BEGIN
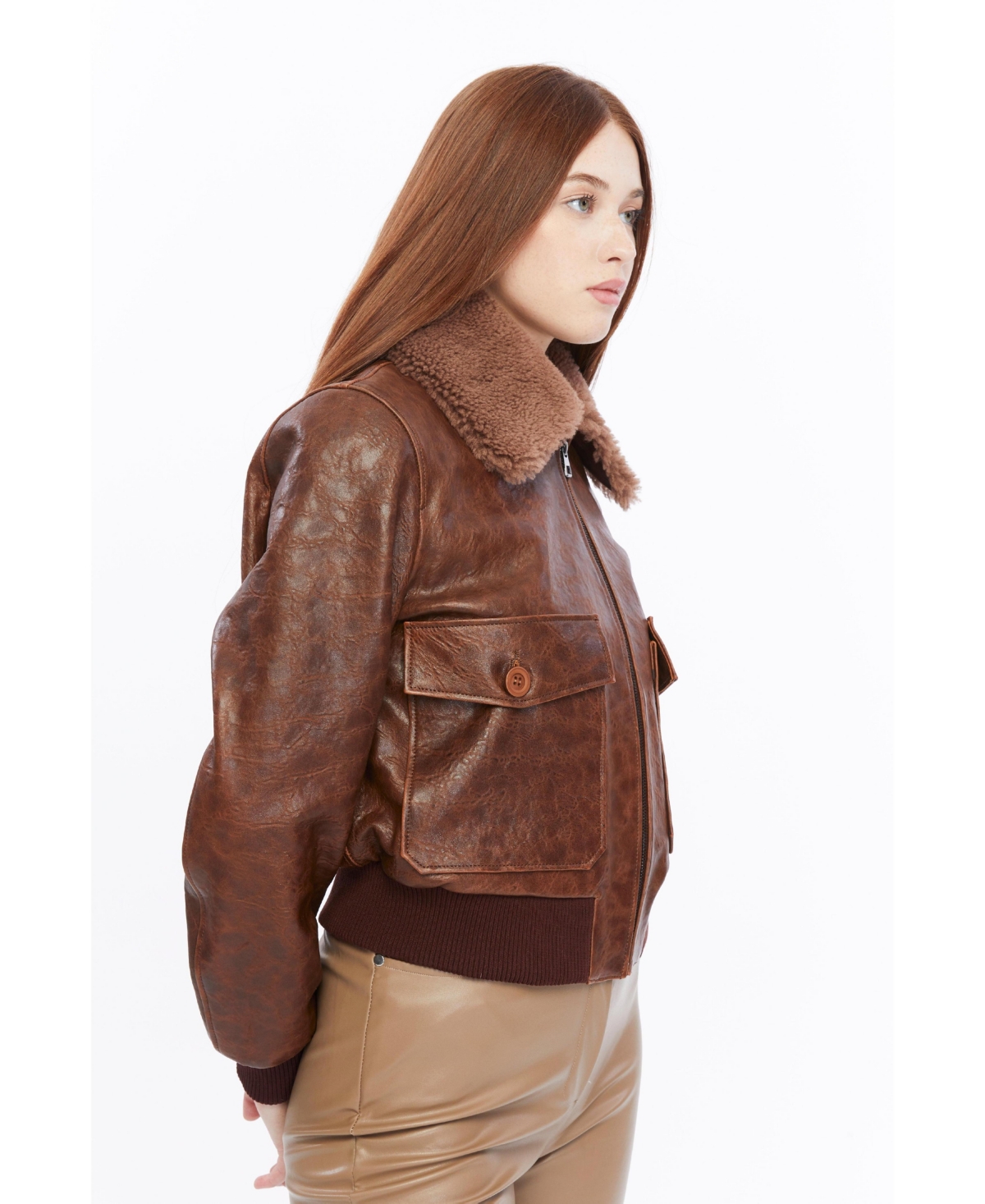 Furniq Uk Women's Leather Bomber Jacket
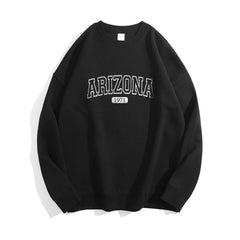 Arizona Baskılı Siyah Unisex Oversize Bisiklet Yaka Sweatshirt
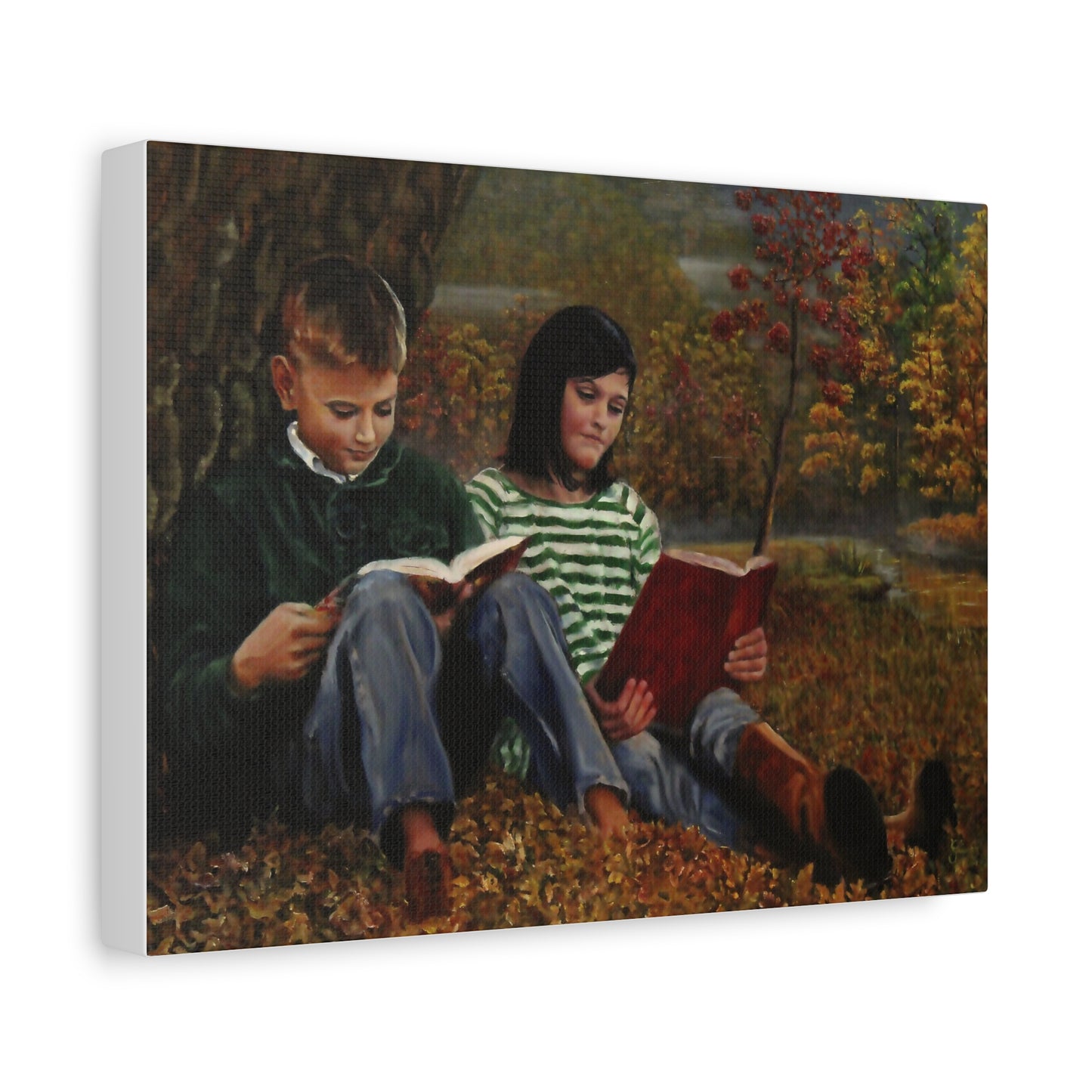 "Siblings" Canvas Print - Vintage Children Reading Art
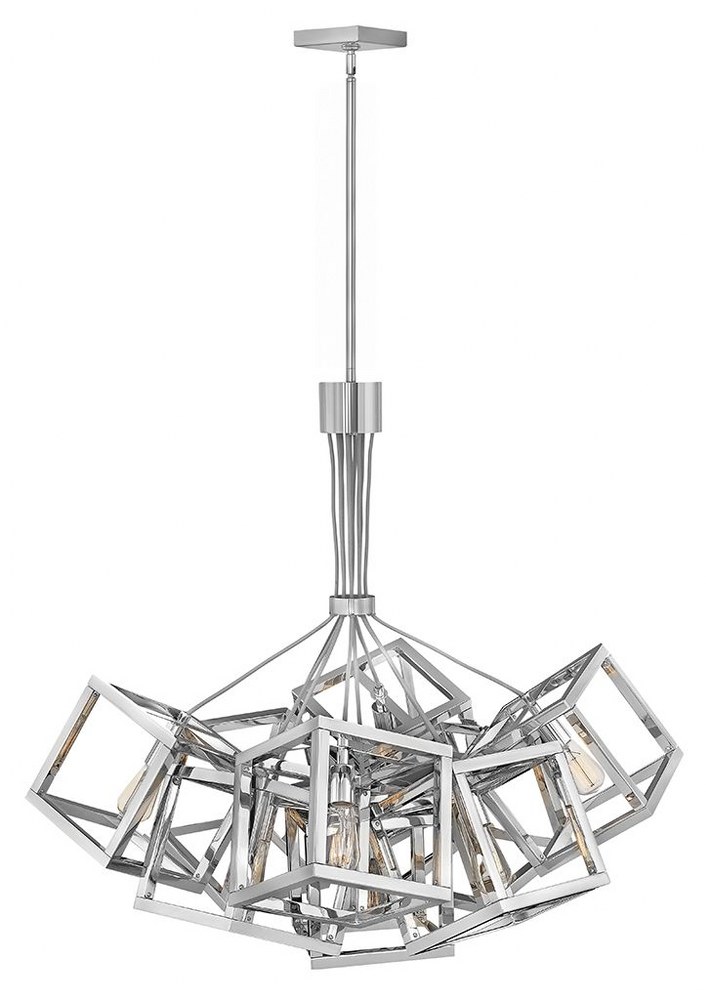 Fredrick Ramond Lighting-FR42445PNI-Ensemble-Nine Light Stem Hung Chandelier-30.75 Inches Wide by 36.75 Inches Tall Polished Nickel  Polished Nickel Finish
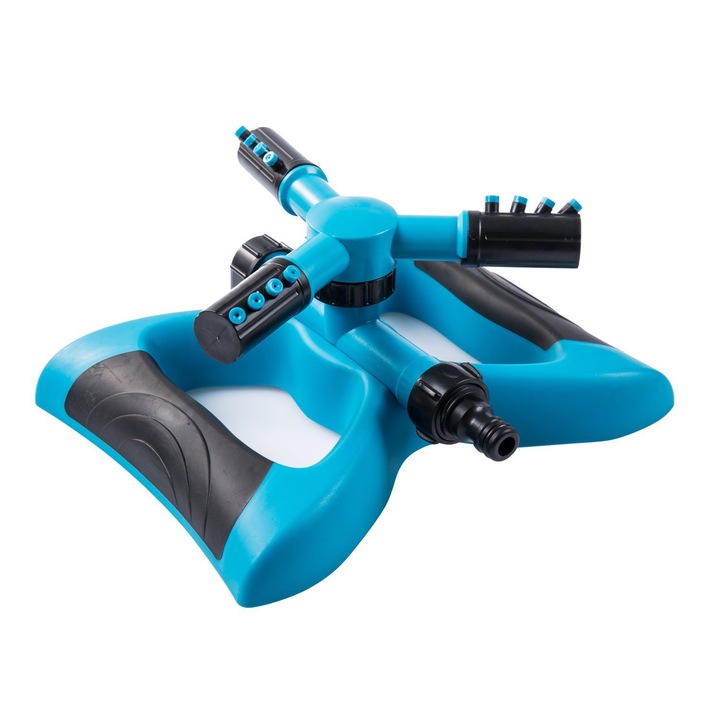 Forgó kerti öntözőfej, 360 fokos, 24x19x10cm, hatékony öntözéshez, kék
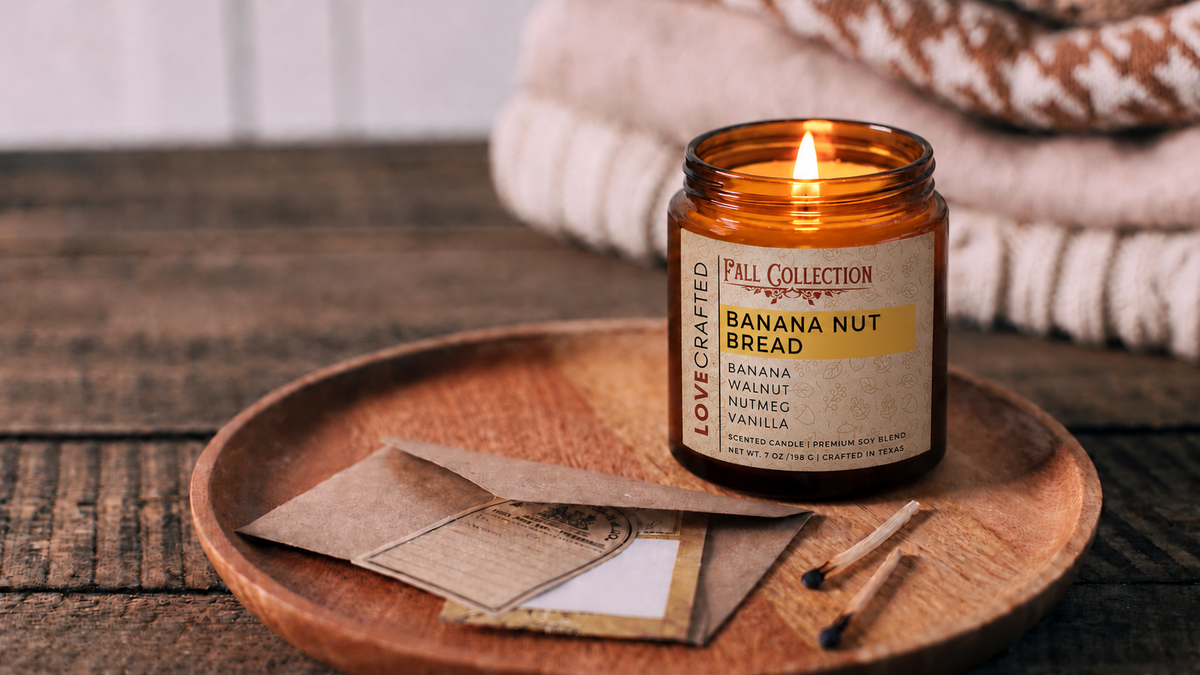 Banana Nut Bread 7oz scented soy blend candle by Lovecrafted, lit in an amber jar on a wooden tray - Fall Collection with banana, walnut, nutmeg and vanilla notes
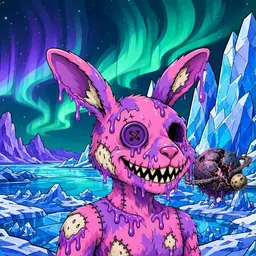 Oozlings #218, Zombie Bunny · Aurora Ice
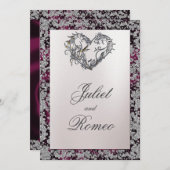 パールエレガント、紫のリボンとスパークル2 招待状 (正面/裏面)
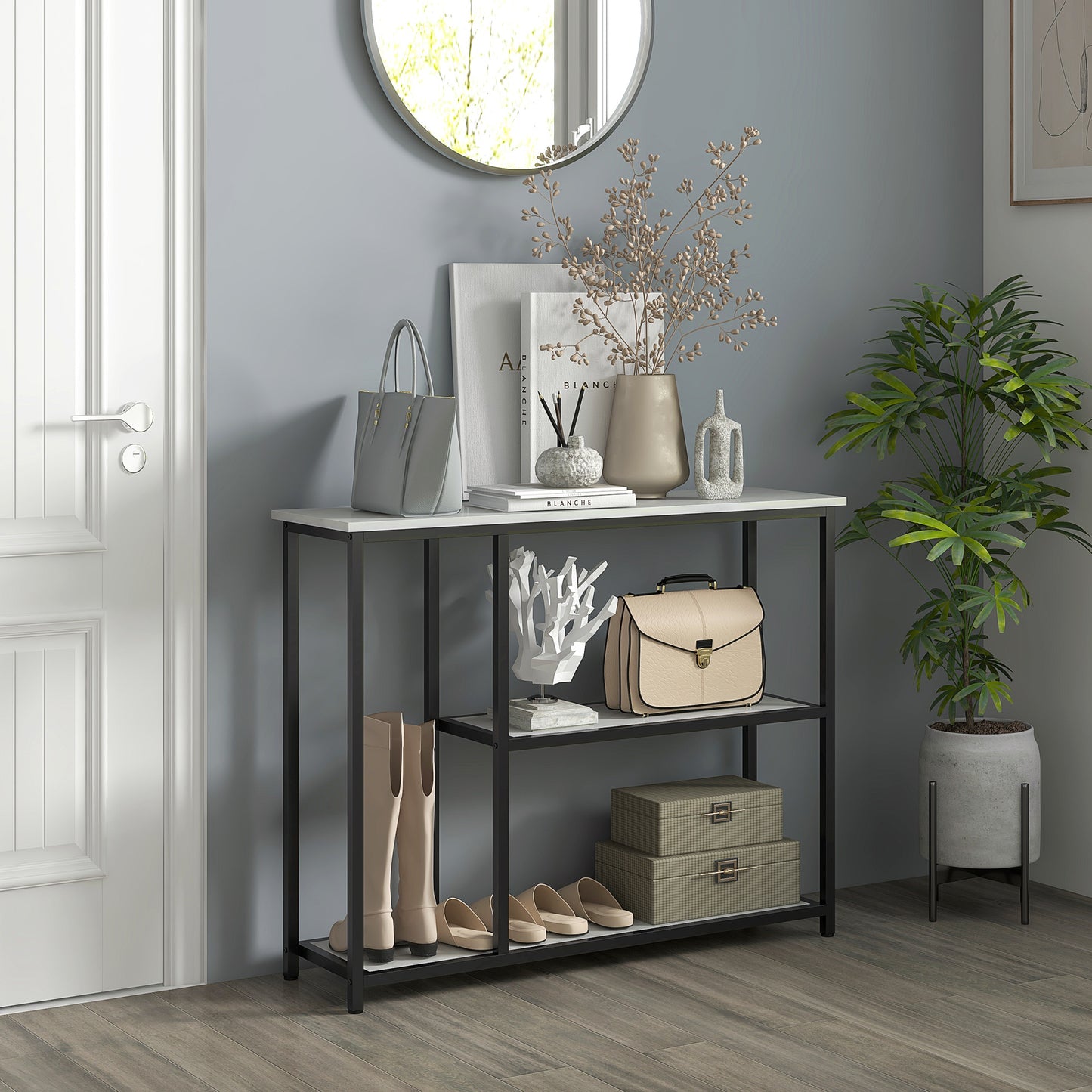 Sidetable – Sidetable Industrieel – Haltafel – ConsolTafel – Wandtafel – Zwart Wit Marmerlook – 2 Ruime Opbergniveaus – Stevig Zwart IJzeren Frame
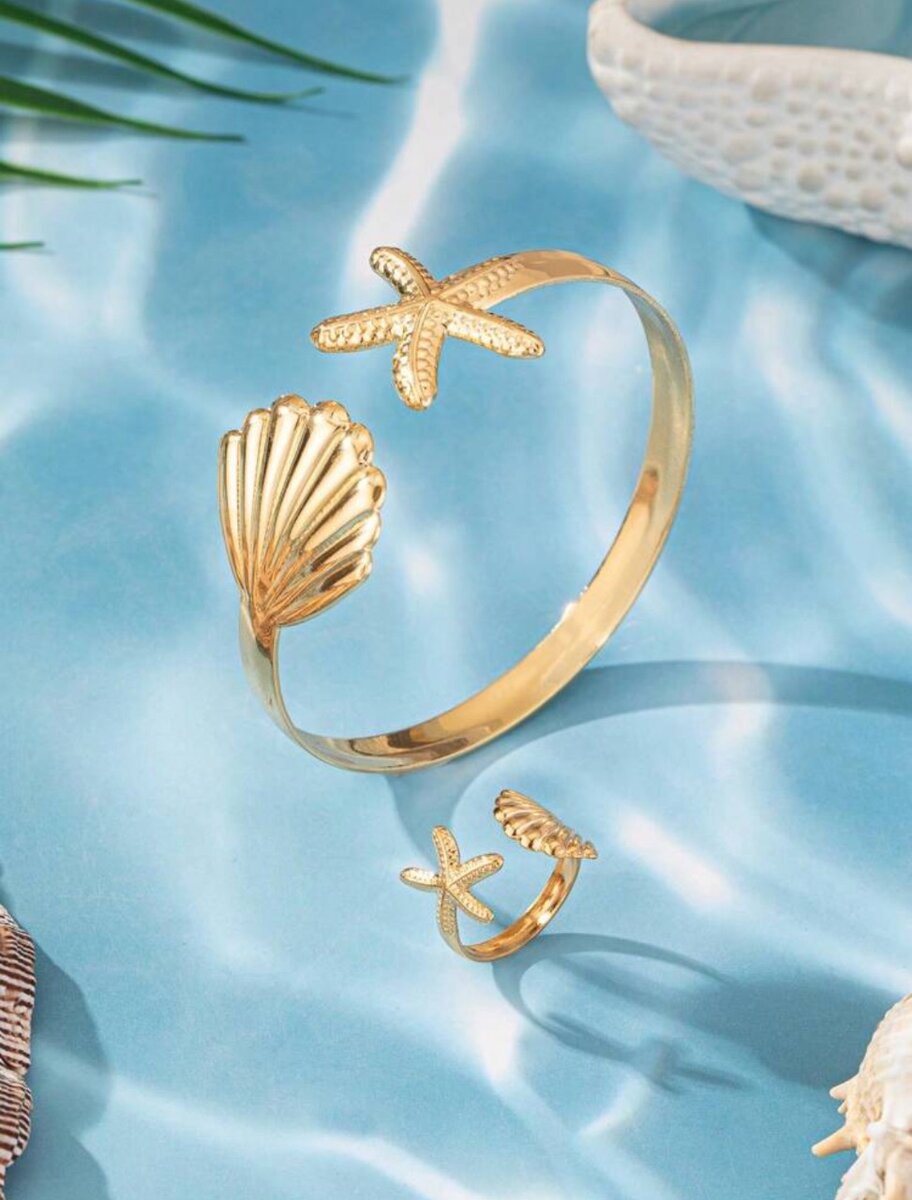 Seastar Shell Metal Bangle and Ring Set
END
-- What needs to be done --
Reproduce nothing but the lines from the line containing "Oozlings #218, Zombie Bunny · Aurora Ice" through the last line of the data above, exactly as written and without pictures.

-- Answer to this exercise --
 Oozlings #218, Zombie Bunny · Aurora Ice
 パールエレガント、紫のリボンとスパークル2 招待状 (正面/裏面)
 Sidetable – Sidetable Industrieel – Haltafel – ConsolTafel – Wandtafel – Zwart Wit Marmerlook – 2 Ruime Opbergniveaus – Stevig Zwart IJzeren Frame
 Seastar Shell Metal Bangle and Ring Set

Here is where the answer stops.